**What is being asked:** In the records below, begin at the line containing "Ayam dipelihara di" and end at the line containing "Объявление от Анастасия - фото №1"; quote every line in that span exactly, including both boundary lines, and no others.

**Exercise materials:**
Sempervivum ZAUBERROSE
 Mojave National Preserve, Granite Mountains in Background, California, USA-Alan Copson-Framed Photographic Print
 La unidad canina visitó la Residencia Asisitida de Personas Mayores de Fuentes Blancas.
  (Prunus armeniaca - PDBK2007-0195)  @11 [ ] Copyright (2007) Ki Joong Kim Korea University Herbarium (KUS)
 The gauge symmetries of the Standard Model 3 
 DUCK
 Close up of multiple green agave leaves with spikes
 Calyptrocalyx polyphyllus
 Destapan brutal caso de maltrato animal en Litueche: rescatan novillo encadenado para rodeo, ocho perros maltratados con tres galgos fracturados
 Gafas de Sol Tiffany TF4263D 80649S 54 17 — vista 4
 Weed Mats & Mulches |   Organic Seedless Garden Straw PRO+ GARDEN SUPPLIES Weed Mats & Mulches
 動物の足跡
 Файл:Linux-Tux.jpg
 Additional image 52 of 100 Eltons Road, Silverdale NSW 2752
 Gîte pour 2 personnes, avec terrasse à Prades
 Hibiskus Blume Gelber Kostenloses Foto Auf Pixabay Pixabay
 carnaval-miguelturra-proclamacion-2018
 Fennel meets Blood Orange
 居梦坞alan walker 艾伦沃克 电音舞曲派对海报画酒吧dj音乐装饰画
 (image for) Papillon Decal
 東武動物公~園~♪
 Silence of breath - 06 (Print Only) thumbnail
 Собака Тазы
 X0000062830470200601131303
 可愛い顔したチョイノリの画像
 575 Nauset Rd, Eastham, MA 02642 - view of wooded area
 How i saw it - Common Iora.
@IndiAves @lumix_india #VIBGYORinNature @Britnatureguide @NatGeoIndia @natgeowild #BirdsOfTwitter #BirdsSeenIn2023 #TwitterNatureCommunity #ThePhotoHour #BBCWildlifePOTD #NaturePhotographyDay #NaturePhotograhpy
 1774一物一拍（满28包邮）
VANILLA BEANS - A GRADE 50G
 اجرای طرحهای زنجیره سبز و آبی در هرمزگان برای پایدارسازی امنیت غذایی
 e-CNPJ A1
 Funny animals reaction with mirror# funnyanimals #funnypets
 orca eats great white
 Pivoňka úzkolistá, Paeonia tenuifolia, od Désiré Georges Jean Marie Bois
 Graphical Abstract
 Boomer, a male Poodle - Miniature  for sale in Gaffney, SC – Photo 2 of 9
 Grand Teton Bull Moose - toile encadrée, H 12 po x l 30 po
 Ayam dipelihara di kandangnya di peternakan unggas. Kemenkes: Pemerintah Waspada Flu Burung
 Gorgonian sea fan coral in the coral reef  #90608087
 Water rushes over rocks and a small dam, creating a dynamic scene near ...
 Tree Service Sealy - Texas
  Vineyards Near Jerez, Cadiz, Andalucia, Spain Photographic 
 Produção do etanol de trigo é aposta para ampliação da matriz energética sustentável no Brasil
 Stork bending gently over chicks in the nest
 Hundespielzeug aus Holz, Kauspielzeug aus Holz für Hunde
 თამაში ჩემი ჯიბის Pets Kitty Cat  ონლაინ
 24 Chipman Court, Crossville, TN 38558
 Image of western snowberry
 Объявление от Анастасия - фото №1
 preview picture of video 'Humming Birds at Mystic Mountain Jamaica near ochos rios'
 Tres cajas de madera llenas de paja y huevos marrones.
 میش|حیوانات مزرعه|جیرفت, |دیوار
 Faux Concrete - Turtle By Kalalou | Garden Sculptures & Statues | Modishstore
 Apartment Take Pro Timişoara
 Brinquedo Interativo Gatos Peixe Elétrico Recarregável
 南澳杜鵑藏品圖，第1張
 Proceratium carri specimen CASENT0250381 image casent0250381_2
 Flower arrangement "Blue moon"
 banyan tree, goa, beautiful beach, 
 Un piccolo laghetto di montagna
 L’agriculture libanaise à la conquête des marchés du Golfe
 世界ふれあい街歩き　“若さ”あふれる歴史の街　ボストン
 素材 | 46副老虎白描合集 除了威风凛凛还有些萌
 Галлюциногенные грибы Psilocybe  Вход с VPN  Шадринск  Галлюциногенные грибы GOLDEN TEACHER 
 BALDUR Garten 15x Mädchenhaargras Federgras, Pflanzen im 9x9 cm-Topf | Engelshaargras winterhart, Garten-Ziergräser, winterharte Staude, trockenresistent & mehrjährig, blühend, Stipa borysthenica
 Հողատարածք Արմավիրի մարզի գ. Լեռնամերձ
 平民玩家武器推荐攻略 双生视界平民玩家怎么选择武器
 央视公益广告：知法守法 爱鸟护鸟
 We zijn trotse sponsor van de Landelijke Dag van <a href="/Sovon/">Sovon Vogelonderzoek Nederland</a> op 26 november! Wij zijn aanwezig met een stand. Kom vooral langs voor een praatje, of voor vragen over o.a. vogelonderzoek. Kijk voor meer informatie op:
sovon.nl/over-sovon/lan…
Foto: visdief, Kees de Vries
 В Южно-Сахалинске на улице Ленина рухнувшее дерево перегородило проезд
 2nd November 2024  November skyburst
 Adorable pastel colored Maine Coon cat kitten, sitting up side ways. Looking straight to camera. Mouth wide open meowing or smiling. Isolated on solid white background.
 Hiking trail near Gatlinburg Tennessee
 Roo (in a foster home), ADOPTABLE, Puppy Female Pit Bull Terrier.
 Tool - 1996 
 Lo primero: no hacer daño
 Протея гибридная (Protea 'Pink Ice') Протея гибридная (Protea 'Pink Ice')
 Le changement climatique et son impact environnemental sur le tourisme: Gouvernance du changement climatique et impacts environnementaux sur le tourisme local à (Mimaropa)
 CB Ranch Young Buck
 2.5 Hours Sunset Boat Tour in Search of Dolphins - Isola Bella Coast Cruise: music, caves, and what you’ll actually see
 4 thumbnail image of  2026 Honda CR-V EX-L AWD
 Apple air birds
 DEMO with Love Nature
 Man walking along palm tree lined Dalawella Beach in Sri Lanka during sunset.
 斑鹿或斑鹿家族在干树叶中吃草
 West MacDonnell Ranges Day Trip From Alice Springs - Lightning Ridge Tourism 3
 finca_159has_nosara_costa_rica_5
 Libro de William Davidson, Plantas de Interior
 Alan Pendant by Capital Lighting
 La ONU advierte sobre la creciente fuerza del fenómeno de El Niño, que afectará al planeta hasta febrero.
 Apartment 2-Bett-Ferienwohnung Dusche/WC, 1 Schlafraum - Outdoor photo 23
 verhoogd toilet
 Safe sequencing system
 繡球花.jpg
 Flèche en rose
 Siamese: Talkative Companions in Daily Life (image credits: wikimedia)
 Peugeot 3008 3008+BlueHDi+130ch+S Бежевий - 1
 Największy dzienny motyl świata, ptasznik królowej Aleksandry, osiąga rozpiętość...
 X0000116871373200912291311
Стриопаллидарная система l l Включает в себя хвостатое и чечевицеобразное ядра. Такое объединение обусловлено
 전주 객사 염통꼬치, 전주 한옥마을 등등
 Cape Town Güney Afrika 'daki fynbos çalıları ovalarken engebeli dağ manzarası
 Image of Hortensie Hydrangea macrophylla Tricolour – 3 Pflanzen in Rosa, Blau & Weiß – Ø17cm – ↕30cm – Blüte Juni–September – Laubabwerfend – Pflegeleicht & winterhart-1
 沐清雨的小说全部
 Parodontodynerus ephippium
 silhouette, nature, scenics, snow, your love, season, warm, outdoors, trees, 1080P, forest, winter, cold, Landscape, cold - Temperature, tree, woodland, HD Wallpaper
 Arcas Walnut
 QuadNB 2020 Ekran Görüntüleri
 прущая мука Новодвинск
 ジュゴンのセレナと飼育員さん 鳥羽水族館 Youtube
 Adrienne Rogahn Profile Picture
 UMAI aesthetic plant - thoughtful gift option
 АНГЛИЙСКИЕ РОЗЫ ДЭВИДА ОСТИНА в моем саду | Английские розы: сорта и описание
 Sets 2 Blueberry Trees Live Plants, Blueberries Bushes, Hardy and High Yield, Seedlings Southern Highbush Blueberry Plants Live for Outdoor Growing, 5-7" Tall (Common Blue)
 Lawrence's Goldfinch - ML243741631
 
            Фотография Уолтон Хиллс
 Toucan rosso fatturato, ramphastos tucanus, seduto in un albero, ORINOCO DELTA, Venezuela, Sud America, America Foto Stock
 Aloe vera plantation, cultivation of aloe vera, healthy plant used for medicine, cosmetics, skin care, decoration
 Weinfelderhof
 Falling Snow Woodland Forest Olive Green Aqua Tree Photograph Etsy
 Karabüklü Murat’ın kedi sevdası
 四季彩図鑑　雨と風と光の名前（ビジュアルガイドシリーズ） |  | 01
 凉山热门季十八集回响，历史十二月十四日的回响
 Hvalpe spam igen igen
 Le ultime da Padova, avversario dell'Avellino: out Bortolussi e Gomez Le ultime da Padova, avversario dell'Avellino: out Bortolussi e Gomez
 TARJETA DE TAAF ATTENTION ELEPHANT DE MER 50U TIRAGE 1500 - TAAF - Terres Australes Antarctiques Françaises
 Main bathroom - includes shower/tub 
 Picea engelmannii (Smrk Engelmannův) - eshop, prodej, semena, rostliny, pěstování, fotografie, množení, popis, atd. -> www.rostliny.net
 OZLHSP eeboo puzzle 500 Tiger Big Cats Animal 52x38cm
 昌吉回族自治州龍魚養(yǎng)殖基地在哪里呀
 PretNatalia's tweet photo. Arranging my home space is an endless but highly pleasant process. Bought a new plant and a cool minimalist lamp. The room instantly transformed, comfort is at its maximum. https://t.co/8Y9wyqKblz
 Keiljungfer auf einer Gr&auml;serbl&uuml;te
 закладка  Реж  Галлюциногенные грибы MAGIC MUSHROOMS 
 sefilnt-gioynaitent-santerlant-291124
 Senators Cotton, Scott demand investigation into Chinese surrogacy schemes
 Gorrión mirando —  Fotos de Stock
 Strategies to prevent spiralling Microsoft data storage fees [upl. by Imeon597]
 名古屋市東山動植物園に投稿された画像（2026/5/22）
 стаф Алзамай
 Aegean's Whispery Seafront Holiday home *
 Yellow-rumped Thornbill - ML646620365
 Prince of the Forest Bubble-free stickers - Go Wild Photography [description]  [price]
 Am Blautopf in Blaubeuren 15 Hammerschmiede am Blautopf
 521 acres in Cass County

**Exercise result:**
 Ayam dipelihara di kandangnya di peternakan unggas. Kemenkes: Pemerintah Waspada Flu Burung
 Gorgonian sea fan coral in the coral reef  #90608087
 Water rushes over rocks and a small dam, creating a dynamic scene near ...
 Tree Service Sealy - Texas
  Vineyards Near Jerez, Cadiz, Andalucia, Spain Photographic 
 Produção do etanol de trigo é aposta para ampliação da matriz energética sustentável no Brasil
 Stork bending gently over chicks in the nest
 Hundespielzeug aus Holz, Kauspielzeug aus Holz für Hunde
 თამაში ჩემი ჯიბის Pets Kitty Cat  ონლაინ
 24 Chipman Court, Crossville, TN 38558
 Image of western snowberry
 Объявление от Анастасия - фото №1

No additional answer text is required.